De magos y chicas best seller
Hay numerosos ejemplos de ceguera incomprensible del mundo editorial que involucran incluso a los best seller más exitosos de la historia. Un caso paradigmático es el de Harry Potter y la piedra filosofal, primera parte de la saga de siete libros de la escritora británica J.K. Rowling, verdadero suceso editorial que lleva vendidos más de 500 millones de ejemplares, además de adaptaciones cinematográficas que fueron verdaderos tanques de la Warner Bros. Pues bien, el primer libro fue rechazado por ¡¡doce!! editoriales, incluidas algunas grandes como Penguin y HarperCollins. Rowling había tardado cinco años en escribirlo y vivía un período de grandes dificultades, signadas por la muerte de su madre, un divorcio a cuestas y una hija recién nacida a su cargo, además de dificultades económicas y un ex marido que la acosaba. Cobraba un seguro de desempleo y aprovechaba cada segundo libre para meterse en el fascinante mundo de su mago de la cicatriz.

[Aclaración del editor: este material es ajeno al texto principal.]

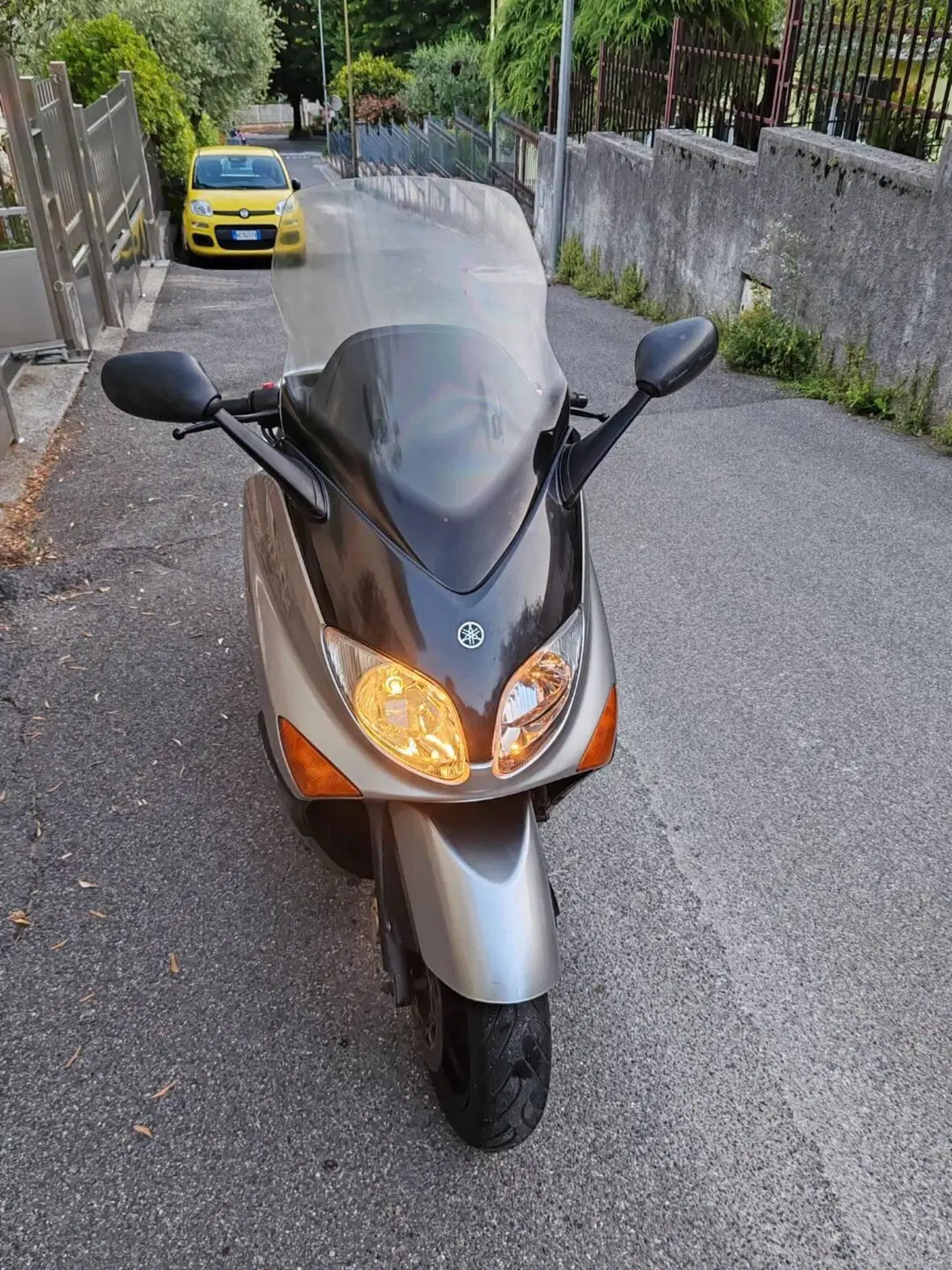 Yamaha T-Max 500 (2004 - 07) (2)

Tras recibir un rechazo tras otro, y al borde de la desesperación, finalmente en 1996 Barry Cunningham, director de la pequeña editorial Bloomsbury Publishing, le comunicó que estaban interesados en publicar su libro. El adelanto era de apenas 1500 libras pero Rowling, que en poco tiempo sería megamillonaria, lo vivió como un milagro. Cunningham se había decidido a darle una oportunidad a Harry Potter gracias a su pequeña hija, que leyó el manuscrito y le pidió a su padre que le consiguiera urgente la continuación. La única londinense con visión de futuro fue una chiquita de ocho años.
Hay otro caso increíble y es el de otro “tanque”: Stephen King. El escritor norteamericano tiene pegadas en la pared de su estudio las docenas de cartas de rechazo para su primera novela, Carrie. Igual que Rowling, King también estaba pasando apuros económicos, de hecho había vendido su auto y desinstalado su teléfono porque lo que ganaba escribiendo para diversas publicaciones no le alcanzaba para mantenerlos. Mientras corregía los últimos capítulos de Carrie, sintió que la novela no le gustaba y no iba a poder venderla así que la tiró a la basura, pero su esposa la recuperó y lo convenció de terminarla. El libro fue rechazado por 30 editoriales. Como ejemplo de los motivos, Donald A. Wolheim, editor de Ace Books, le escribió: “No estamos interesados en ciencia ficción mezclada con utopías negativas. No venden”. Un iluminado, claramente.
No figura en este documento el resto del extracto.